*** Opening Data under study ***

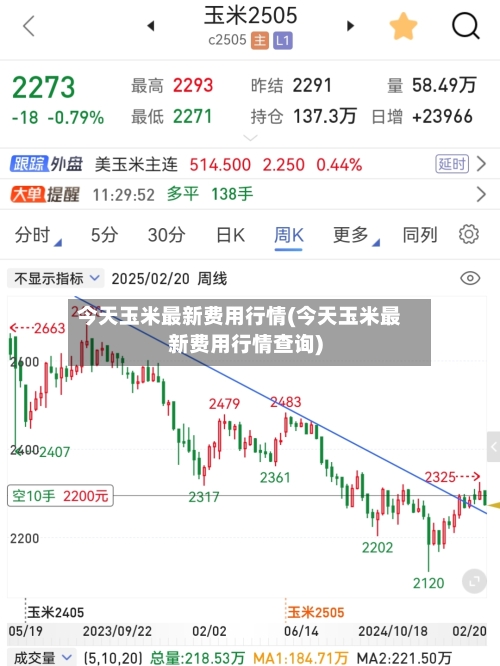 今天玉米最新费用行情(今天玉米最新费用行情查询)
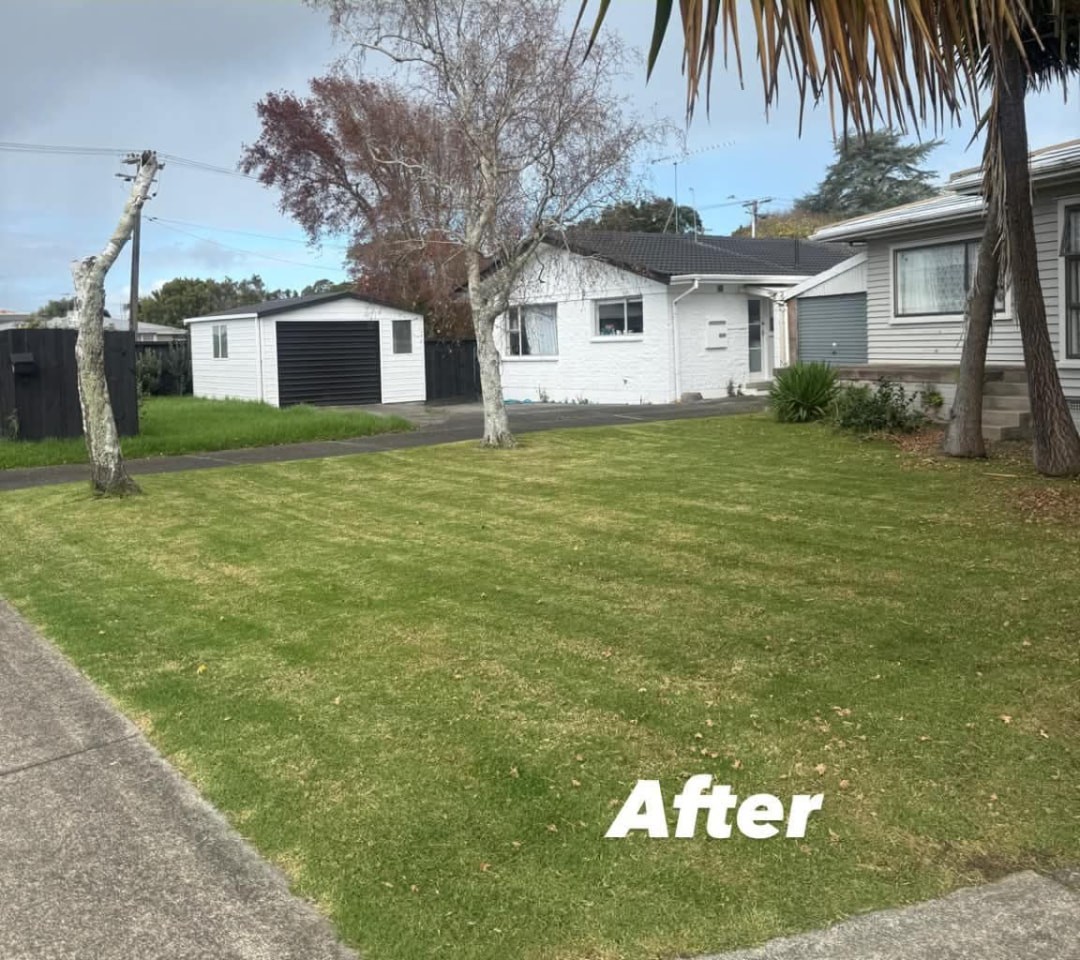 Front Lawn Mow & Tidy — after professional lawn care by Tauwhare Lawn Care Services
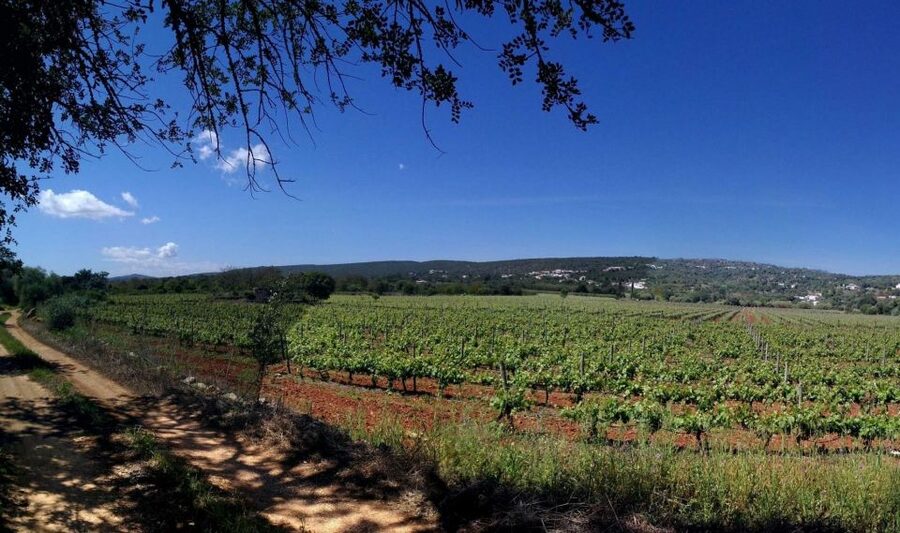 Loulé: Quinta da Tôr Winery Guided Tour and Wine Tasting - The 90-minute tasting and five wine styles
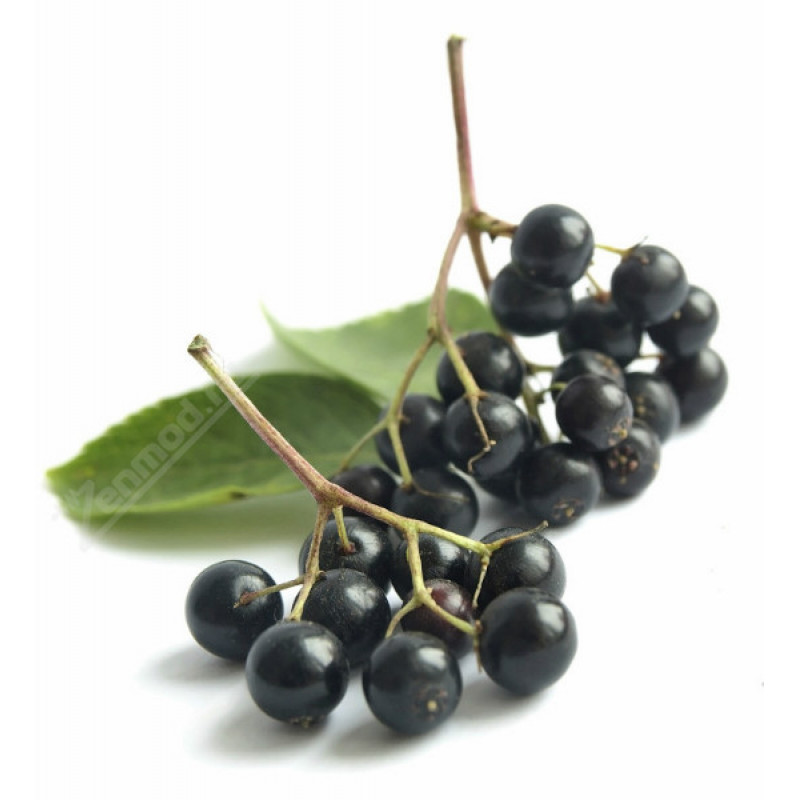 Фото и внешний вид — TPA - Elderberry 10мл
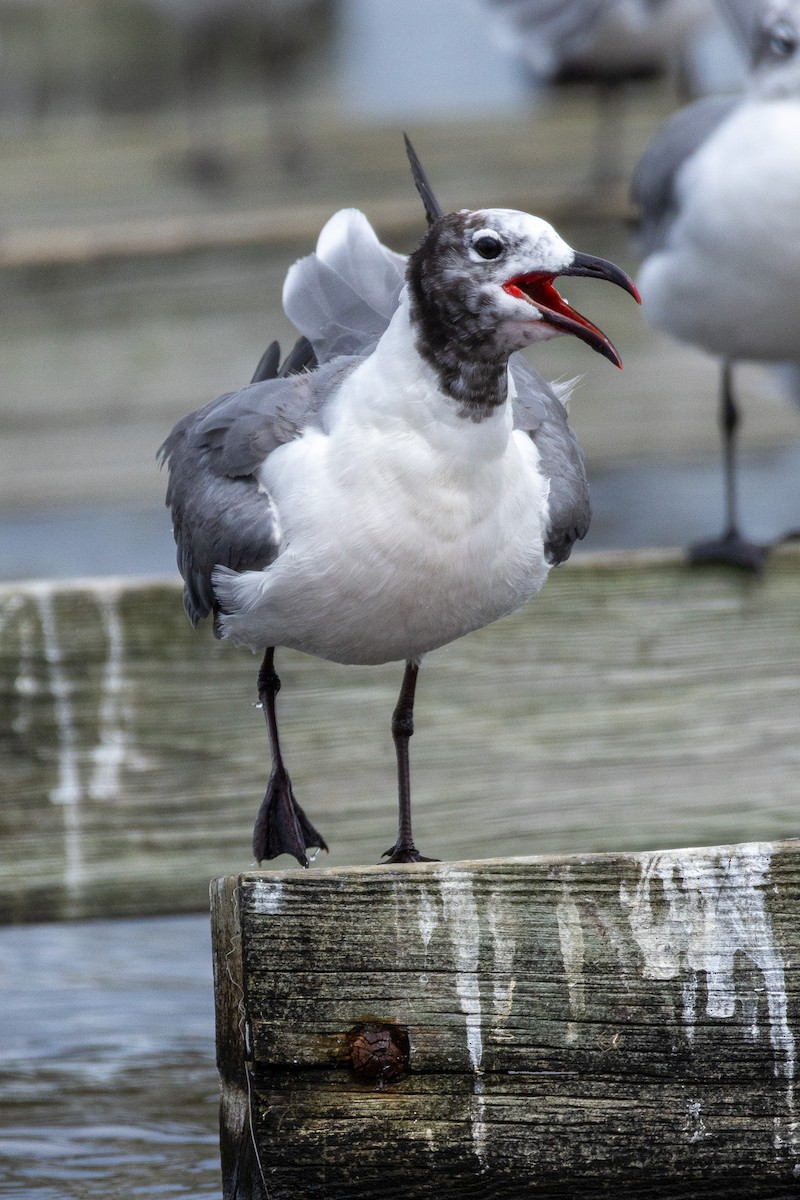 Gaviota Guanaguanare - ML608666452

*** Closing Data under study ***

Task directions
Return all of the data exactly as written, and drop the pictures.

Expected answer
 今天玉米最新费用行情(今天玉米最新费用行情查询)
 Front Lawn Mow & Tidy — after professional lawn care by Tauwhare Lawn Care Services
 Loulé: Quinta da Tôr Winery Guided Tour and Wine Tasting - The 90-minute tasting and five wine styles
 Фото и внешний вид — TPA - Elderberry 10мл
 Gaviota Guanaguanare - ML608666452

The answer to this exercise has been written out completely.